Saturday, May 8, 2010

How is Liquidity Measured?

This is the third part of my miniseries on liquidity.  Start with What is Liquidity? and What Determines Liquidity?.

As I discussed in those posts, how much the price of a good moves when people buy and sell it is one way to measure the liquidity of that good in the market.  This can be observed in a formal art auction easily, but can also be observed in other markets, like the example of gasoline.

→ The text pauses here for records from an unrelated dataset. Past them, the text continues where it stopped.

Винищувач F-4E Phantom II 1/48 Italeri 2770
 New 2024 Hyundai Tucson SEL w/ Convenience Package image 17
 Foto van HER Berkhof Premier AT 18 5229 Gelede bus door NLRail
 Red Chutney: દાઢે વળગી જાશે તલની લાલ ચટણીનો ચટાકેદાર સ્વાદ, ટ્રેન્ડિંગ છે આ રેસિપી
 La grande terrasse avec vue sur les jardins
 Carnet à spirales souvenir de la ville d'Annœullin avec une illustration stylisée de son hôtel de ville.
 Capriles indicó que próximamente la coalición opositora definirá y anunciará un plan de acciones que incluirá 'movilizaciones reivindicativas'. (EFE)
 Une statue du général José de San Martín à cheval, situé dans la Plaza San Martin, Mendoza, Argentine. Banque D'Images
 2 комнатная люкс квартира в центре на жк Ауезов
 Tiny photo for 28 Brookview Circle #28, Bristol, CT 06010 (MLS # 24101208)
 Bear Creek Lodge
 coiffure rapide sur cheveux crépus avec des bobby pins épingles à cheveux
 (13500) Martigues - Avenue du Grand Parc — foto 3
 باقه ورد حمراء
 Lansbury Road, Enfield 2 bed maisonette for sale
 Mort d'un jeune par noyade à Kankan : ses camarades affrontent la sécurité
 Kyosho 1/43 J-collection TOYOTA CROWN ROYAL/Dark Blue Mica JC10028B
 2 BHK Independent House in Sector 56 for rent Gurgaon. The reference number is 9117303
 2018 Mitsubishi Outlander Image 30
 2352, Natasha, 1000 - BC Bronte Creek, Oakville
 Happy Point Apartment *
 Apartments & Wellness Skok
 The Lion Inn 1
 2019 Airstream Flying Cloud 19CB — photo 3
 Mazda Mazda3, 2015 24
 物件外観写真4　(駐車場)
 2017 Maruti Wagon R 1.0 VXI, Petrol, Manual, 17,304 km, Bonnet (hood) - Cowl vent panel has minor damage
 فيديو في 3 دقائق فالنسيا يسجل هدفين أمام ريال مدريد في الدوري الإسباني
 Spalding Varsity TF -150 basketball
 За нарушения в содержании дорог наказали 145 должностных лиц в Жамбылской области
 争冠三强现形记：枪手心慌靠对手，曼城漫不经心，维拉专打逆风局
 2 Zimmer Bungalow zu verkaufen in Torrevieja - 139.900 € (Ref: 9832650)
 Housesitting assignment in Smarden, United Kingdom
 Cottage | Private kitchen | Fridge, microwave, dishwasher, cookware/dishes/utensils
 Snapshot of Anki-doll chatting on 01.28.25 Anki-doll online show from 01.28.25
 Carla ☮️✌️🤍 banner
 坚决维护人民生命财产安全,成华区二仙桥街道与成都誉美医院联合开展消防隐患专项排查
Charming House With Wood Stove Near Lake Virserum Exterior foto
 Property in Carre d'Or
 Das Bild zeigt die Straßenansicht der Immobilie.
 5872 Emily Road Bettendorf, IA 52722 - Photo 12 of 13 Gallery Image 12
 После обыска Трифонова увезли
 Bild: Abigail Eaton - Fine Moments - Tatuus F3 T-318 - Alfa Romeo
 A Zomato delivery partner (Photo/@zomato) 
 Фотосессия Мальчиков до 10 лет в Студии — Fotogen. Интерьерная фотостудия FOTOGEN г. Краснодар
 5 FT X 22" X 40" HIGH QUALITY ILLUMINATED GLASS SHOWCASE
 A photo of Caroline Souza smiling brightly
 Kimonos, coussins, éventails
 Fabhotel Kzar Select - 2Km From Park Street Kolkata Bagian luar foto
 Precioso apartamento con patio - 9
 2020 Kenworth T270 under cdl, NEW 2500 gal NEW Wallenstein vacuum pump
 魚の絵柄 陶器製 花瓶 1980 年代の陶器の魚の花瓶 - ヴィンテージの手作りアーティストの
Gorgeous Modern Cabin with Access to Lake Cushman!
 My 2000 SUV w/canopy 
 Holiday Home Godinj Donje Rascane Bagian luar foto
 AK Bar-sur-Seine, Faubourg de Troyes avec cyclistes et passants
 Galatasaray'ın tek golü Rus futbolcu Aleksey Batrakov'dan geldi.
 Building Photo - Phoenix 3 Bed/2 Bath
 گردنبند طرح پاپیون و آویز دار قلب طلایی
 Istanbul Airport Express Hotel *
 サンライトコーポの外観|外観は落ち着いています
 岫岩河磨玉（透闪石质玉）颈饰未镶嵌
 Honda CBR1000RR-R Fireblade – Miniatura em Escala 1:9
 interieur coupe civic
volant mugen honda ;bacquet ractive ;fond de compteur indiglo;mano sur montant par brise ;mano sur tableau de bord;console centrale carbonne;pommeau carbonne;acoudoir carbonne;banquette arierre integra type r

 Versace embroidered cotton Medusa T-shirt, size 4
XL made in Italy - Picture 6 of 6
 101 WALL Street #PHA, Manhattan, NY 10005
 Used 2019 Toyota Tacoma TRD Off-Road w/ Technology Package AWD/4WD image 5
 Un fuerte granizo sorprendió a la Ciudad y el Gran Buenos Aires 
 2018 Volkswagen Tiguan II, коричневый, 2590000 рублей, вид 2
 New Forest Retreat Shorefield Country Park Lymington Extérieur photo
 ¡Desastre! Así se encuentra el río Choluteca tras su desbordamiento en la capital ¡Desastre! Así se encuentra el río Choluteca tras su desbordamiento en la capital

The stock market has liquidity measures that are easy to observe.  The stock market is an ongoing auction with many buyers and many sellers.  Each stock is very fungible (one share of Apple's stock is the same as another), so that prerequisite for liquidity is achieved.  Some companies have more shares of stock in the market available for trade, which increases the potential liquidity.  This is why you might hear people talk about how one company's stock is more liquid than another.  For example, consider Dell (with 1.96 billion shares) and Super Micro Computer (with 35.9 million shares).  Dell's stock is potentially more liquid than Super Micro Computer's stock.  Note: this is different than a business' internal liquidity, which is related to how much cash they have on hand, a topic for a different post.

If you wanted to put the effort in, you could watch each trade for a stock as they happened and measure how much the price changed.  There is an easier way for many stocks:

Look at this detailed quote of Google on Yahoo Finance.  Check out the numbers for the Bid and the Ask.  The Bid is the highest latest price someone has offered to buy the stock, and the Ask is the lowest latest price someone has offered to sell the stock.  The difference between these two numbers is a measure of liquidity.  The closer these two numbers are, the more liquid the stock.  You can imagine, that if these two numbers were always the same, people would buy and sell the stock freely and the price would never change.  That is the definition of perfect liquidity.

What actually happens, though, is a buyer decides that the seller's Ask is good enough (or vice versa), and a trade is made.  The latest price for the stock is set to that trade's price, and the next lowest seller's offer becomes the new Ask.  The farther apart the Bid and Ask are, two things happen: it is less likely for someone to decide that an offer is good enough to make a trade, and when that trade does happen the price moves more.  In other words, lower liquidity.